--- Information ---
___
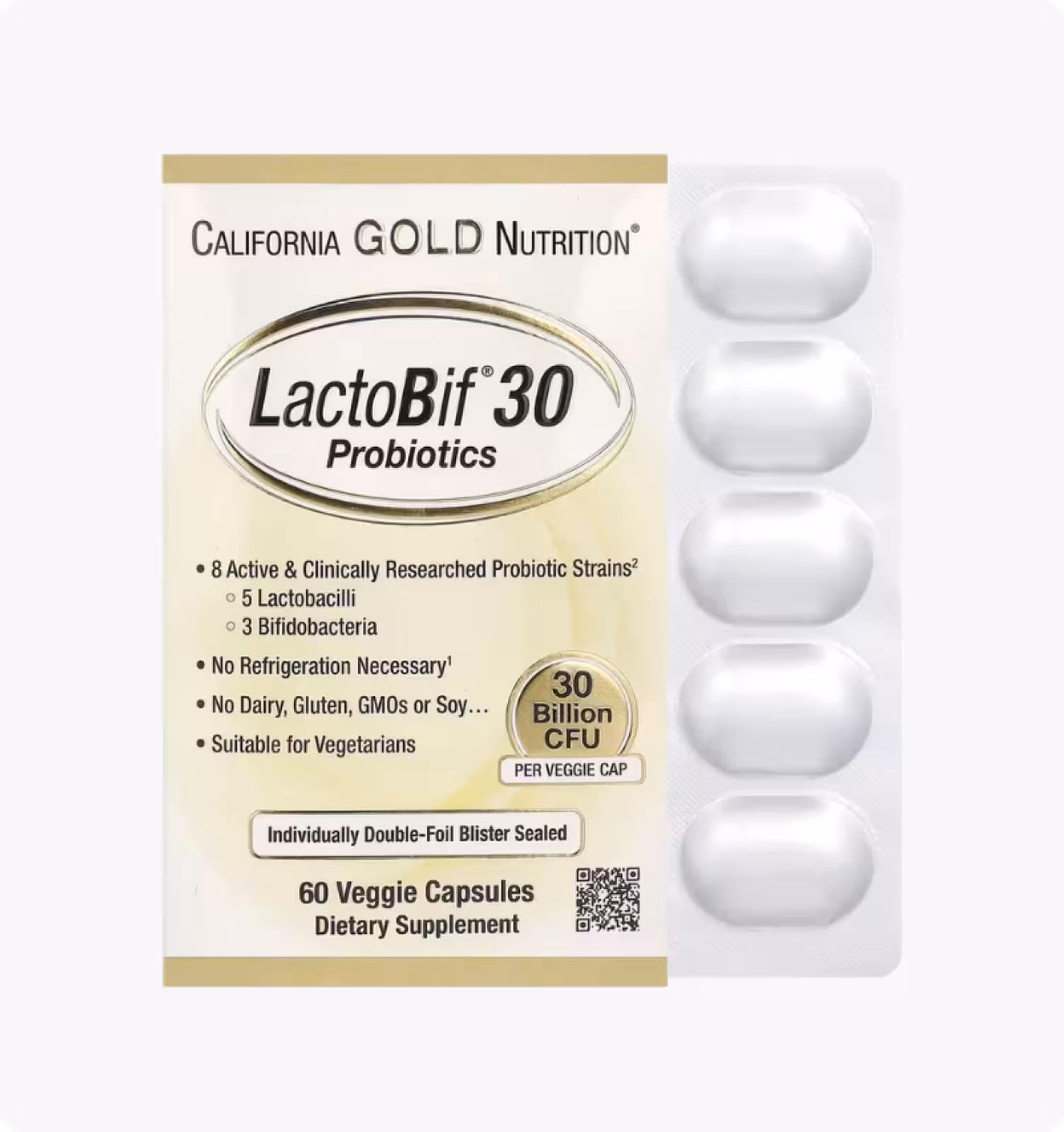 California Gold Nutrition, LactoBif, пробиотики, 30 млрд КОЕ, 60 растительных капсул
___
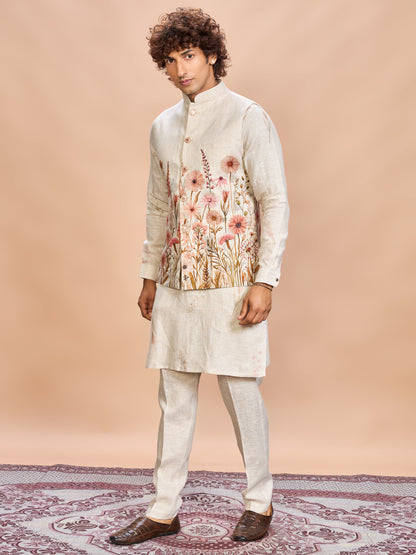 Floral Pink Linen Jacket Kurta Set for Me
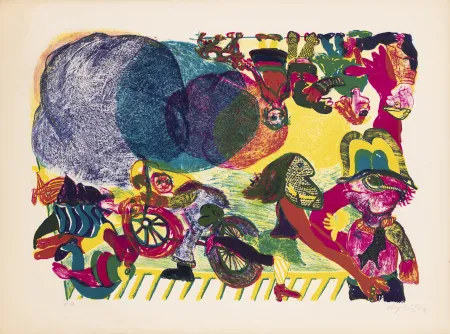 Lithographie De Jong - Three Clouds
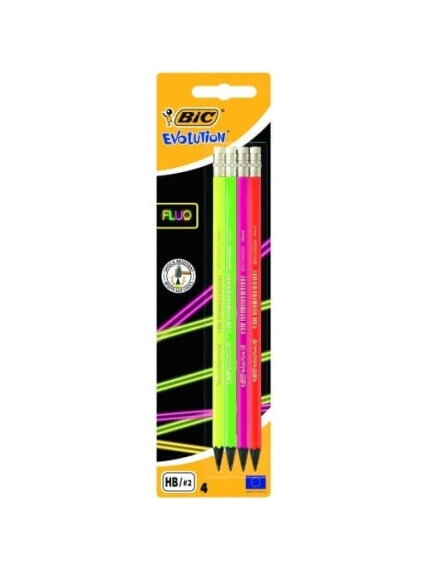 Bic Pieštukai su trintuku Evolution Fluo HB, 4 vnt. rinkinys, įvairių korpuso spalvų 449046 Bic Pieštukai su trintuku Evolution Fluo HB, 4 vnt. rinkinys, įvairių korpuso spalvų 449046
___
--- Assignment ---
Beginning with the line above that has "Lithographie De Jong - Three Clouds" and going on through the line that has "spalvų 449046 Bic", retype every line exactly and add nothing else; drop the pictures.

--- Response ---
 Lithographie De Jong - Three Clouds
 Bic Pieštukai su trintuku Evolution Fluo HB, 4 vnt. rinkinys, įvairių korpuso spalvų 449046 Bic Pieštukai su trintuku Evolution Fluo HB, 4 vnt. rinkinys, įvairių korpuso spalvų 449046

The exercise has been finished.